NSF-Funded Research Leads to New Way to Customize Soft Robotic Exosuits

NSF-funded robotics research at Harvard University has led to the development of a soft robotics exosuit that is able to adapt itself to the individual user. The wearable robotic technology helps assist each wearer on an individual basis. The user’s joints and muscles can be supported by the exosuit for assisted walking and activity. Researchers recently published their findings in ScienceRobotics.
ASME’s position paper on “Accelerating U.S. Robotics for American Prosperity and Security” touches on the importance of soft robotics research, specifically in the medical and healthcare industries. The position paper asserts that soft robotics technology offers advanced healthcare procedures and solutions.
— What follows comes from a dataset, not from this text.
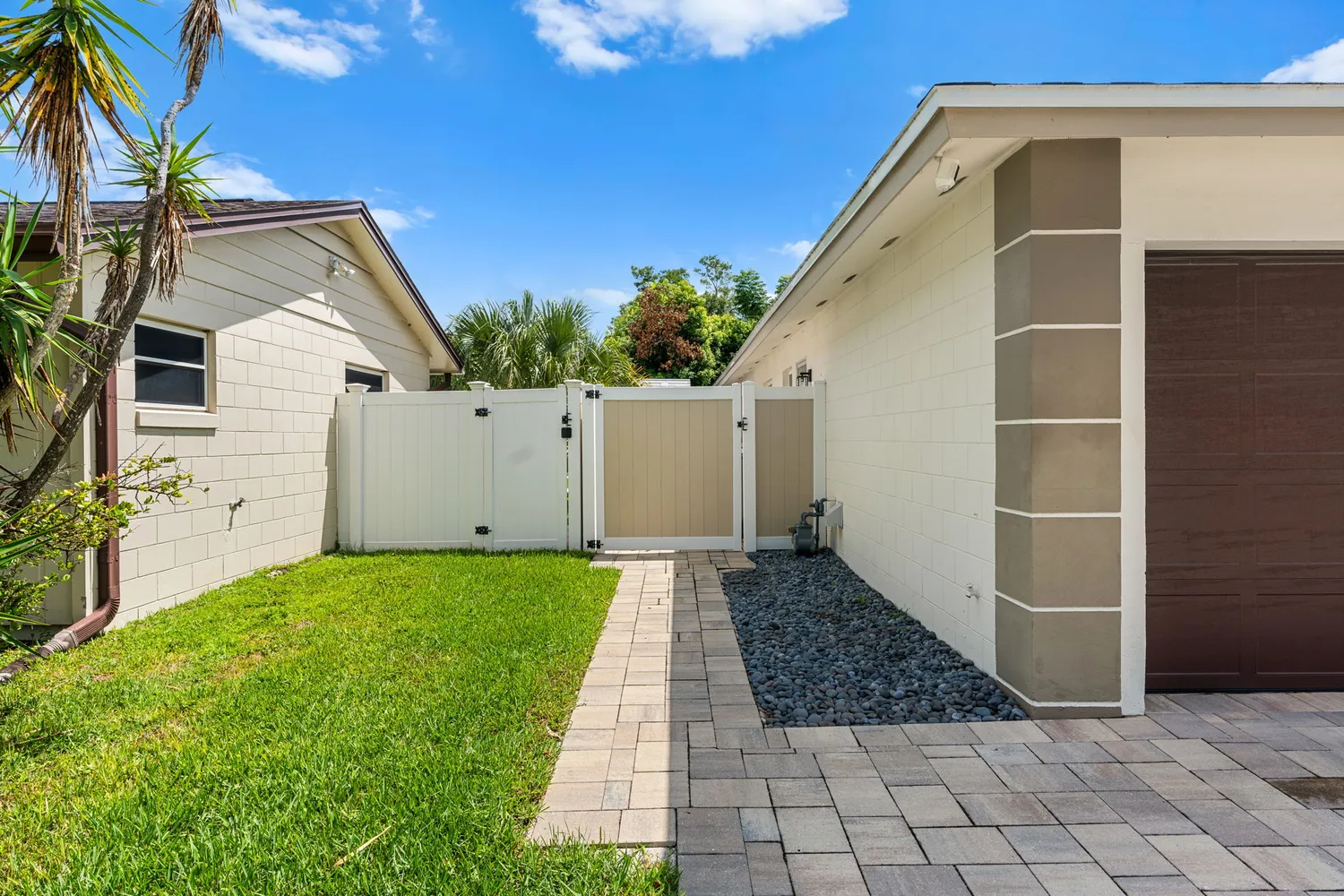 a backyard of a house with lots of green space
Personally-adaptable robotic medical devices are one of the many areas where the industry has much to explore, research, and gain, which is why the NSF research being done at Harvard University is at the frontlines of advancing the technology and industry.
The technology works by capturing ultrasound images of muscles as they are being used. “From these pre-recorded images, we estimated the assistive force to be applied in parallel with the calf muscles to offset the additional work needed to perform during the push-off phase of the walking cycle,” said Krithika Swaminathan, co-author of the study. The exosuit can help the wearer with speed and stability, which could help highly immobile people regain the ability to walk using the exosuit. Beyond helping those who have lost mobility, the suits have the potential to aid workers and first responders who carry heavy loads that otherwise put too much physical pressure on the human body.